Arbeitszeit im Sinn der Richtlinie 2003/88/EG ist nach deren Art. 2 Nr. 1 jede Zeitspanne, während der ein Arbeitnehmer gemäß den einzelstaatlichen Rechtsvorschriften und/oder Gepflogenheiten arbeitet, dem Arbeitgeber zur Verfügung steht und seine Tätigkeiten ausübt oder Aufgaben wahrnimmt. Unter Ruhezeit ist demgegenüber jede Zeitspanne außerhalb der Arbeitszeit zu verstehen (Art. 2 Nr. 2 der Richtlinie). Beide – autonom auszulegenden – Begriffe schließen einander aus11. Der ständigen Rechtsprechung des Gerichtshofs der Europäischen Union zufolge fallen dabei Zeiten, die von Bediensteten im Rahmen von Arbeitsbereitschaft und Bereitschaftsdienst in Form persönlicher Anwesenheit am Arbeitsort abgeleistet werden, unabhängig davon unter den Begriff der Arbeitszeit im Sinn der Richtlinie, welche Arbeitsleistungen während dieses Dienstes tatsächlich erbracht werden12; entscheidend für diese Annahme sei der Umstand, dass der Arbeitnehmer verpflichtet sei, sich an einem vom Arbeitgeber bestimmten Ort aufzuhalten und sich zu dessen Verfügung zu halten, um gegebenenfalls sofort seine Leistungen erbringen zu können. Die Abgrenzung der beiden Begrifflichkeiten ist unter Berücksichtigung des Regelungszusammenhangs und des Zwecks der Richtlinie vorzunehmen, der darin besteht, Mindestvorschriften für Sicherheit und Gesundheitsschutz bei der Arbeitszeitgestaltung der Arbeitnehmer aufzustellen13.
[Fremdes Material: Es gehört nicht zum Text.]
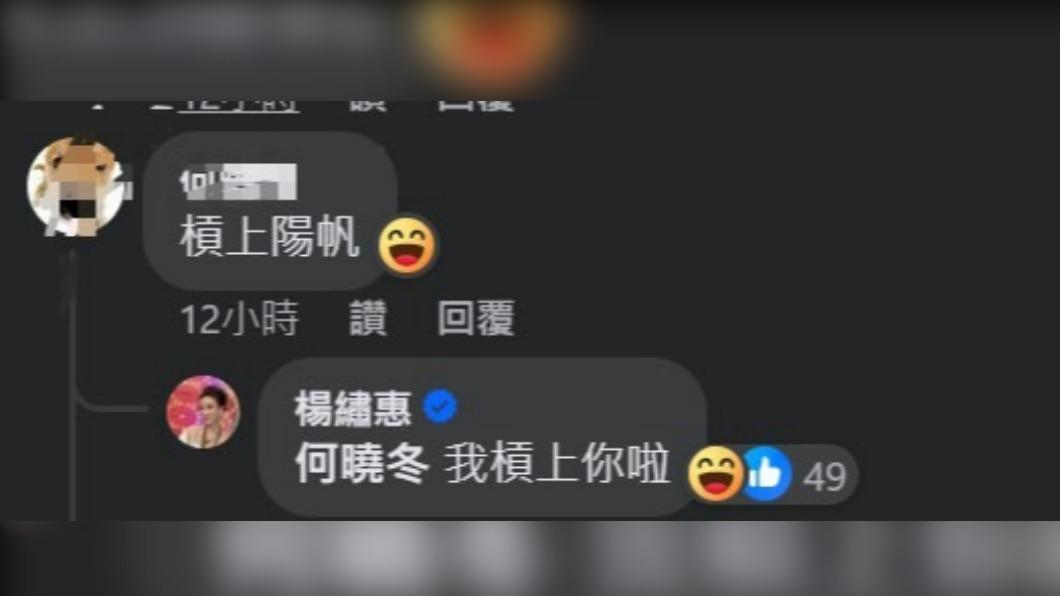 楊繡惠親自回覆網友。(圖/翻攝自楊繡惠臉書)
Der Bundesgesetzgeber hat die unionsrechtlichen Vorgaben in der Arbeitszeitverordnung umgesetzt und konkretisiert. Danach ist der voll zur Arbeitszeit zählende Bereitschaftsdienst (§ 13 AZV) von nicht als Arbeitszeit anzusehenden Zeiten der Rufbereitschaft (§ 12 AZV) abzugrenzen. Der Bereitschaftdienst wird definiert als die Pflicht, sich, ohne ständig zur Dienstleistung verpflichtet zu sein, an einer vom Dienstherrn bestimmten Stelle aufzuhalten, um im Bedarfsfall den Dienst aufzunehmen, wenn dabei Zeiten ohne Arbeitsleistung überwiegen (§ 2 Nr. 12 AZV). Rufbereitschaft ist demgegenüber die Pflicht, sich außerhalb des Arbeitsplatzes bereitzuhalten, um bei Bedarf sofort zu Dienstleistungen abgerufen werden zu können (§ 2 Nr. 11 AZV). Arbeitsplatz ist dabei grundsätzlich die Dienststelle oder ein von dem Dienstvorgesetzten bestimmter Ort, an dem Dienst zu leisten ist (§ 2 Nr. 4 AZV).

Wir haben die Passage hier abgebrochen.